On 12 May, the NWHA published a report, where it outlined how the North West can build on its plans for local low carbon hydrogen production and use by also pioneering low carbon energy imports through driving up Britain’s use of ammonia. The UK will need between 200-425TWh of hydrogen to meet net zero by 2050, with imports from international markets set to be crucial in lowering the risks of delivering enough hydrogen production capacity to meet expected UK demand.
There are, however, issues when it comes to transporting hydrogen over long distances at large volumes. It has a higher energy density by mass, but lower energy density by volume in comparison to the most commonly used transport molecules. In liquid form, there are significant losses associated with boil off – around 25% across the supply chain – with alternative methods of transport being explored, including ammonia.
There are a number of characteristics that make ammonia an ideal hydrogen carrier, such as its high hydrogen content by mass (18%) and zero carbon content, with it unique among hydrogen carriers in that its non-hydrogen molecule is nitrogen, instead of carbon. It is also similar to LPG, allowing existing storage, transport and terminal equipment to potentially be used; can be liquified under mild conditions; and has a mature supply chain.
Global production of ammonia is already at 176mn tonnes per year, with the majority produced at large-scale through the Haber Bosch process. This is where hydrogen and nitrogen react at pressures of up to 200 bar. The carbon intensity here is dependent to the source of hydrogen used, with almost all ammonia today produced using natural gas or LPG as feedstock, before being reformed to produce hydrogen.

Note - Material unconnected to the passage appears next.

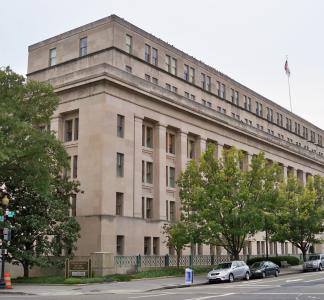 Building in downtown setting with cars parked alongside it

This means producing low carbon ammonia will call for a low carbon hydrogen source, with the most significant factors influencing the economics here the input cost of renewable electricity for electrolytic production, or natural gas for CCUS-enabled production. These are likely to be geographically driven, with the low cost of solar in the Middle East and Australia suggesting hydrogen imported from these areas will be competitive with domestic production and could help support the UK in meeting domestic hydrogen demand.
Furthermore, with the UK currently importing around 200TWh of energy in the form of LNG each year from Qatar (49%) and the US (27%), ammonia and hydrogen offer the UK a chance to diversify and decarbonise its energy imports.
The North West in particular has the potential to become a low carbon ammonia import hub. NWHA set out how this is down to the high concentration of hydrogen demand it has due to its industrial activity, the ammonia users in the region – CF Fertiliser’s Ince and Billingham sites can produce material volumes of ammonia each year – and the fact it has one of the largest ports in the UK in the Port of Liverpool, which offers an opportunity to develop infrastructure to import and export ammonia.
To capitalise on this opportunity, the North West should look to explore an ammonia decomposition demonstrator, with this one of the least developed areas of the decarbonised ammonia supply chain; explore opportunities for ammonia in the hydrogen economy, both as a means of transporting and storing hydrogen in the region; explore opportunities to import or export ammonia; and explore the use of decarbonised ammonia in other applications, including maritime use and as an energy source off the grid, where hydrogen is not available.